In the News
For investors, it's all about the dividends
Dividends have gone from being an afterthought to one of the top things on many investors' minds.
These periodic payments by companies to their investors are taking an oversized role in the markets. Given the stock market's disappointing performance last year and lackluster targets for 2012, investors are happy taking what they see as a safer bet. That craving for dependable, albeit not guaranteed, dividend income could continue, given that interest rates remain low, analysts say.
"People are throwing in the towel on the horse race," says Jack Ablin of Harris Private Bank. "They want a dividend program that can deliver."
- Dividends were the sole source of return for many stock investors in 2011. The 2.1% total return by the Standard & Poor's 500 last year was entirely due to the 2.1% dividend yield, says S&P Capital IQ. That's the highest contribution of dividends to investors' total return since 2008, when the stock market's 38.5% decline was partly offset by a 1.5% dividend.
- Dividends were the biggest contributor to investors' total returns since at least 1988 if years the market fell are excluded.
- Dividend-paying stocks held up better than dividend holdouts. Not only did investors enjoy cash from stocks that paid dividends, they avoided more disappointing losses, too. Stocks that paid a dividend gained 1.4% on average in 2011, vs. a 7.6% average loss for S&P 500 stocks that didn't pay a dividend, says S&P Capital IQ.
- Dividend-paying stocks have been beating the market. The S&P Dividend ETF rose nearly 4% last year, edging out the 0% gain of the S&P 500.

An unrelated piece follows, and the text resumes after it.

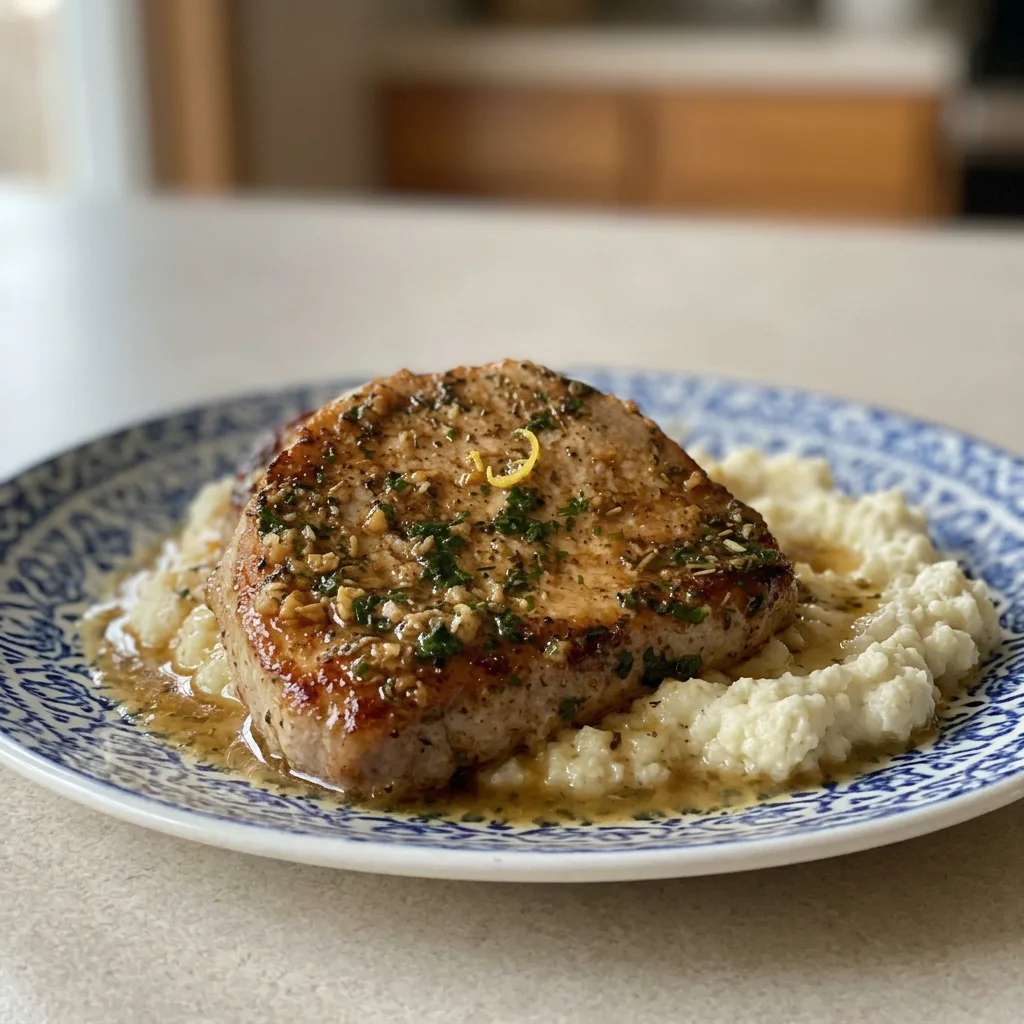 Looking down at two garlic butter pork chops topped with lemon slices and parsley, with a pool of garlic butter sauce.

- Dividends carried the load in '11
Dividends accounted for all the total return investors received last year.
Looking into 2012, investors have high hopes for dividend-paying stocks. Nearly three-quarters of S&P 500 companies are expected to boost their dividends in 2012. Investors are likely to see at least an 11% increase in dividends, and possibly much more, meaning dividends could top the previous record set in June 2008, according to S&P Capital IQ.
Some investors believe it's more likely that companies will raise dividends than that economic growth will boost stock prices, says Rick Helm, portfolio manager of the Cohen and Steers Dividend Value fund.
An increase in yields on Treasuries and other safe investments could make dividend-paying stocks relatively less attractive, says Kevin Shacknofsky of the Alpine Dynamic Dividend fund. But unless that happens in a big way, investors looking for income see dividend-paying stocks as "another alternative," he says.